Firstly, blood sample collection: blood is collected after 75days of medication, serum is collected after centrifugation at 3000rpm at low temperature, and the serum is stored at 80 ℃ below zero and is used for blood biochemical detection. The blood biochemical detection indexes are as follows: triglycerides (TG), Total Cholesterol (TC), low density lipoprotein (LDL-C) and high density lipoprotein (HDL-C).
Measurement of in vivo antioxidant index: detecting the activity of superoxide dismutase and glutathione peroxidase and the content of malondialdehyde by serum and liver tissues. Referring to the instruction provided by the establishment research, the reagent adopts an hydroxylamine method to determine the activity of SOD, GSH-Px and the content of MDA.

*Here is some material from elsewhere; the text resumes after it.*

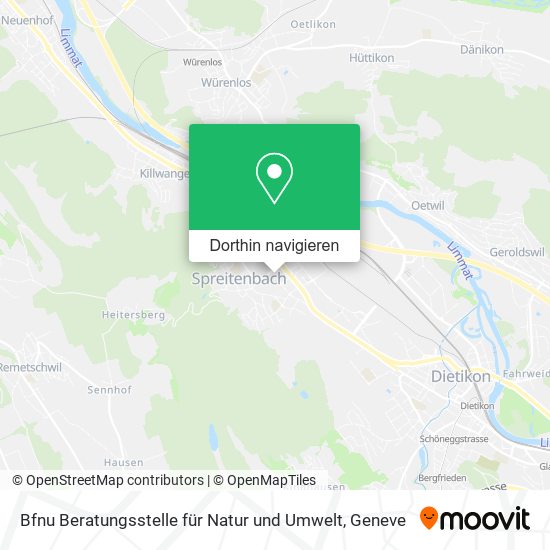 Bfnu Beratungsstelle für Natur und Umwelt Karte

Thirdly, collecting according to samples: after the anesthetized mouse is perfused by normal saline, taking the heart and blood vessels (from the aortic arch to the common renal and iliac arteries), flushing with normal saline, horizontally cutting the blood vessels of the aorta with the length of 1cm at the lower edge of the aortic arch, and soaking the aorta in 4% paraformaldehyde for fixation; heart tissue is embedded in OCT and stored at-80 deg.C for further use; after stripping the liver, heart and kidney of the mouse, the contaminated blood was washed away with physiological saline, then blotted with filter paper, weighed, and the liver was fixed by soaking in 4% paraformaldehyde.

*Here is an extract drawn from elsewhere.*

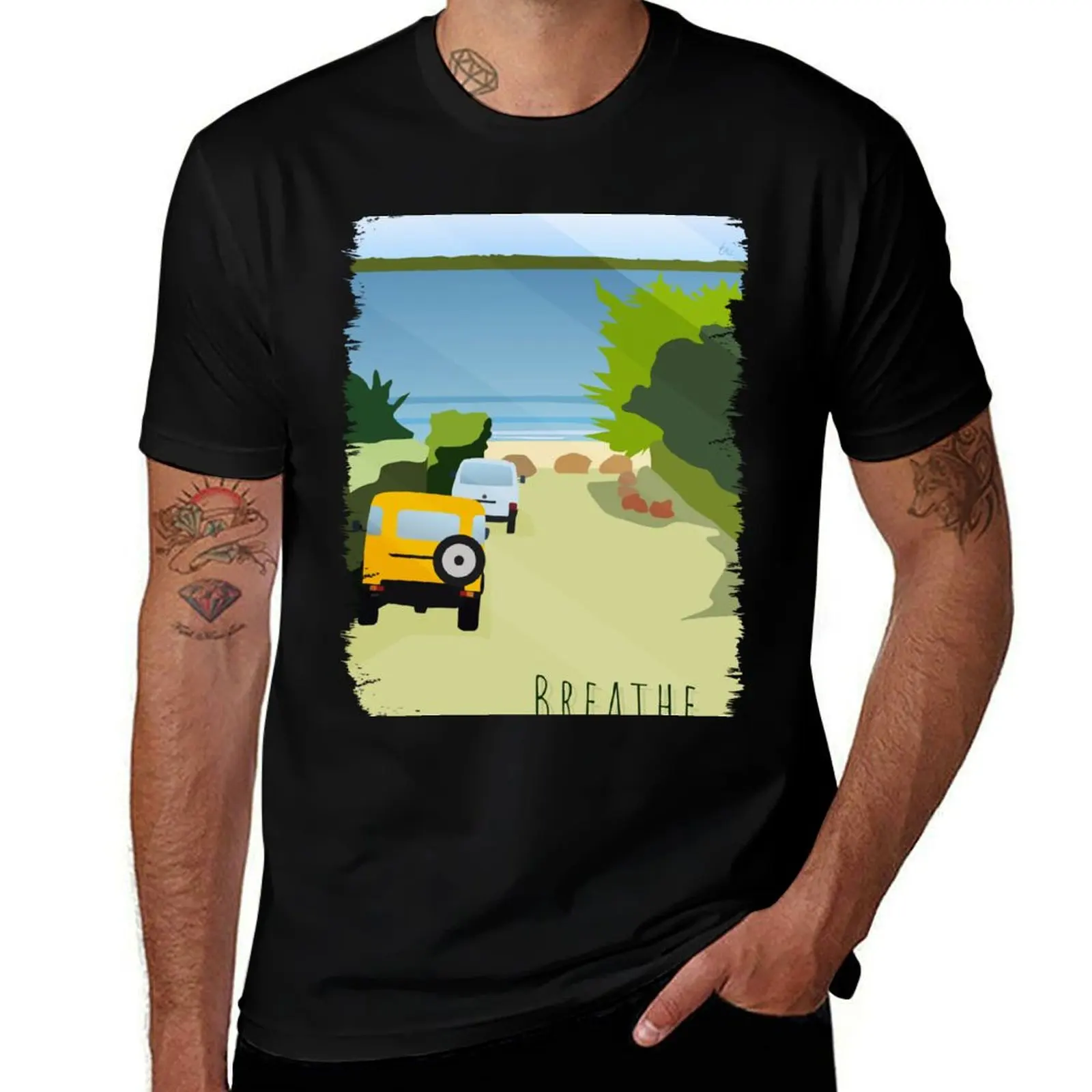 

Breathe - take a break T-Shirt clothes graphics slim fit t shirts for men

Fourthly, pathological observation: the fixed samples of liver and heart outflow tracts were subjected to paraffin embedding and HE staining.
TABLE 2 grouping and administration
| Grouping | Dosage form |
| Control group | Conventional feed |
| High fat group | High-fat feed |
| High fat and normal saline | Same volume |
| High fat and bezafibrate tablet | 117mg/kg/d |
| High fat + P1 | Trichosanthes peel extract |
| High fat + P2 | Allium macrostemon extract |
| High fat + P3 | Snakegourd peel&Raw material of longstamen onion bulb 1:1.50 |
| High fat + P4 | Snakegourd peel&Raw material of longstamen onion bulb 1:7.83 |
| High fat + P5 | Snakegourd peel&Raw material of longstamen onion bulb 1:3.58 |
| High fat + P6 | Snakegourd peel&Raw material of allium macrostemon 2.10:1 |
| High fat + P7 | Snakegourd peel&Bulbus Allii Macrostemi raw material 7.69:1 |
(1) Results
Firstly, modeling index determination
As shown in table 3, after the model group was fed with the high-fat diet for 4 weeks, the serum triglyceride was increased, the serum total cholesterol and the low-density lipoprotein cholesterol were increased, and the differences were significant, and the establishment of the model was determined.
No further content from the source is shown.